(RECORDED DATA)

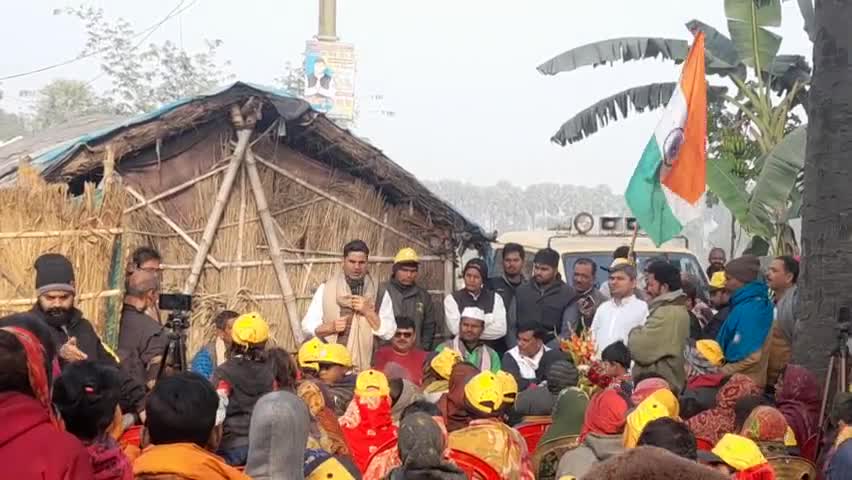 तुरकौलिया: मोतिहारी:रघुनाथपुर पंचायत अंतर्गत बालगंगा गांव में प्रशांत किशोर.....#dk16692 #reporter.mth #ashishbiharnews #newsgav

(End RECORDED DATA)
(RECORDED DATA)

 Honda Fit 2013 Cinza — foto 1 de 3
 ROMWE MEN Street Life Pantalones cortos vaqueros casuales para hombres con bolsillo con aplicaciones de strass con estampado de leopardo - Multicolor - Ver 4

(End RECORDED DATA)

DIRECTIONS -
Everything above from the line containing "Honda Fit 2013 Cinza — foto 1 de 3" down to the line containing "ROMWE MEN Street" should be copied exactly, both end lines included, and nothing else.

WRITTEN SOLUTION -
 Honda Fit 2013 Cinza — foto 1 de 3
 ROMWE MEN Street Life Pantalones cortos vaqueros casuales para hombres con bolsillo con aplicaciones de strass con estampado de leopardo - Multicolor - Ver 4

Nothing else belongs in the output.